(This is Part 7 of a series. Go back to Part 6.)
The third criteria:
Is this food as nature presented it?
A food as nature presents it is, in the first place, whole. It is not refined, it is not fragmented or fractionated, it is not adulterated with other things, it is not made in a factory.
An example of a whole food is a fresh, ripe, raw apple. An example of a non-whole food is an apple pie. The apple has then been adulterated with starches, fats and refined sugars and cooked at high heat. Nutritionally, it bears no resemblance to the food that nature presented.
Even juicing the apple takes it a step away from nature. Juicing it removes most of the fiber and concentrates the sugars and calories, turning it into a different kind of food. Anytime we concentrate something we change its quality, almost always for the worse. Cocaine is a much different substance than coca leaf.
Even dehydration is a form of concentration and thus a step away from nature. The body needs the water anyway, so we're going to have to add the water back by drinking it. What's the point? Why not eat the original food?

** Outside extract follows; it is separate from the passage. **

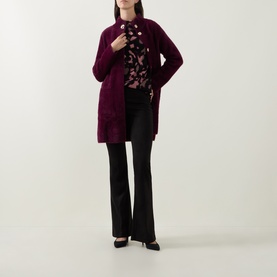 Model wearing Joseph Ribkoff Velour Flared-Leg Trousers in black, styled with a burgundy longline cardigan and floral blouse.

The idea prevalent nowadays is that if a certain amount of something is good for us, then more of that thing must be even better. And turning apples into apple juice, say, does allow us to consume far greater amounts of some nutrients than we ever could by eating the original apples. But that doesn't mean it's better for us.
Juicing and dehydration, of course, are the least of it. Far more insidious forms of concentration are the refining of foods into various sugars, oils, chips, jams, etc., and the fractionation of foods to produce the current vast array of supplements.
However, the body is a fantastically complex organism, and too much of anything—even something good—creates as much of a problem for the body as too little. It's a fact that even too much water is fatal to the body. And recent research demonstrates that even large amounts of "good" supplements are deleterious.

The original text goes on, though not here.